Wednesday, May 27, 2009

12.24 am

The high I receive from cutting is... wonderful. Crippling. Sometimes necessary.

Mom doesn't understand what I'm saying when I try to voice how I'm feeling right now. She gets mad at me for getting frustrated. This makes me feel guilty because... I'm making my mom sad during this very stressful time. I try to explain... it doesn't go through.

I swear its amazing... the feeling I get from cutting... just seeing those little beads of blood develop on the right arm... in the nook that won't show with a t-shirt on... pain diminishes even though I know I'll cry tonight. But cutting makes me feel like I can handle tonight's upcoming cry fest.

I take my knife and make the first cut. Mistake because I do it on the forearm where it can't be hidden. That won't work - people might see. so i make the next cut near the crook of the elbow. swipe the blade fast and watch the cut appear. beautiful. that red line begins to calm me. its a good location so i make my next cut near that one. very nice. one more cut is sufficient. i put the blade away. no one caught me in the act so this was successful. i lay back against the pillows and let the feeling wash over me. eyelids droop. thoughts become impaired. i feel... numb. i feel heavy. thinking becomes ... unnecessary. i've had too many bad thoughts today - i need a break.
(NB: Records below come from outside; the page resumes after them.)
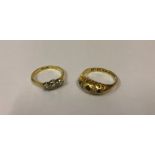 A Ladies 18ct Gold Gem Set and Diamond Ring, Set with three small gem stones and two small diamonds,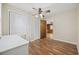 Bedroom with laminate wood floor, built-in closet and view to another room at 4502 Eyerly St., North Myrtle Beach, SC 29582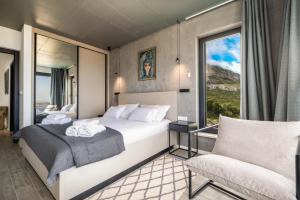 Postel nebo postele na pokoji v ubytování Villa Lapis Hvar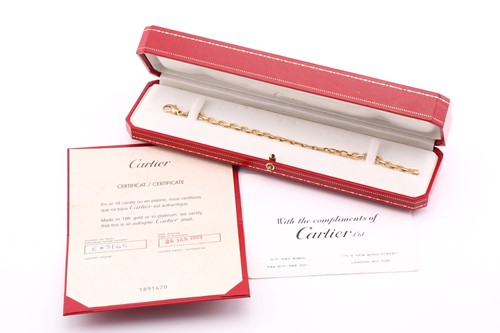 Lot 242 - A Cartier flat oval link bracelet measuring 20....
the sting of my little cuts as i bend my elbow soothe my tortured soul. yes, my little ones, i feel your comfort. i don't want to cry tonight. i don't want to sob and deal with the possible loss. i can't even imagine what it would be like to only have a mother.

dad can't leave us.

and i can't think of how i'll cope without a blade.

she says i'll break her heart if i cut. what about my aching heart that's already broken?